§ **Problem to solve**
Using the data below, restate exactly every line from the one with "Norfolk Poppy Caravan" up to and including the one with "Lot 729 - A steel katar". No picture belongs in it.

§ **Data to process**
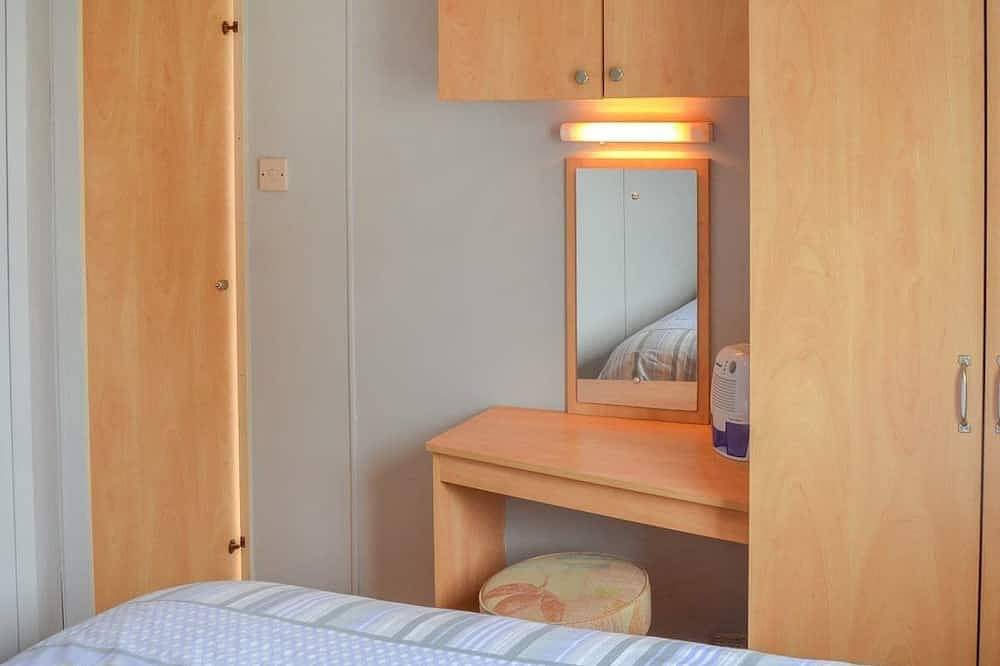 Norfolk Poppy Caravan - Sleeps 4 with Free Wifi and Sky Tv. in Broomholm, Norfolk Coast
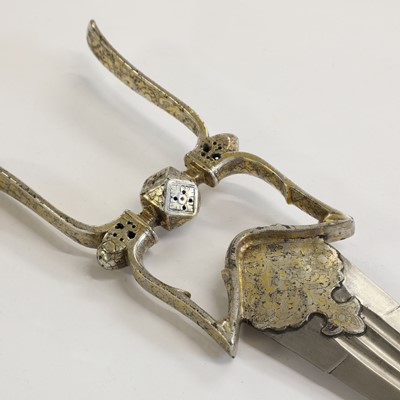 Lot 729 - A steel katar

==

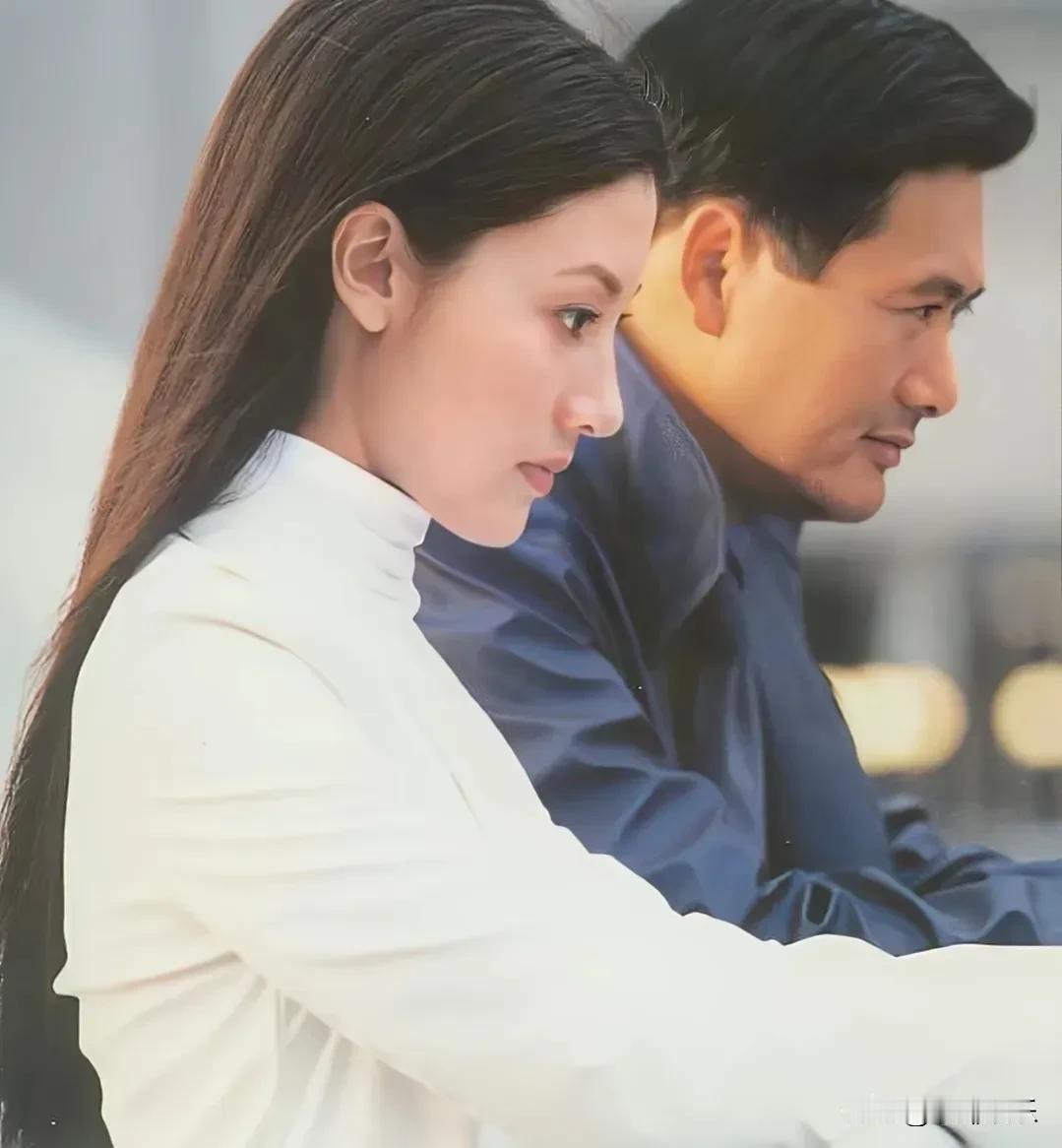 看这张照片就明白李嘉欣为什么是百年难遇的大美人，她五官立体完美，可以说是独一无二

§ **Expected answer**
 Norfolk Poppy Caravan - Sleeps 4 with Free Wifi and Sky Tv. in Broomholm, Norfolk Coast
 Lot 729 - A steel katar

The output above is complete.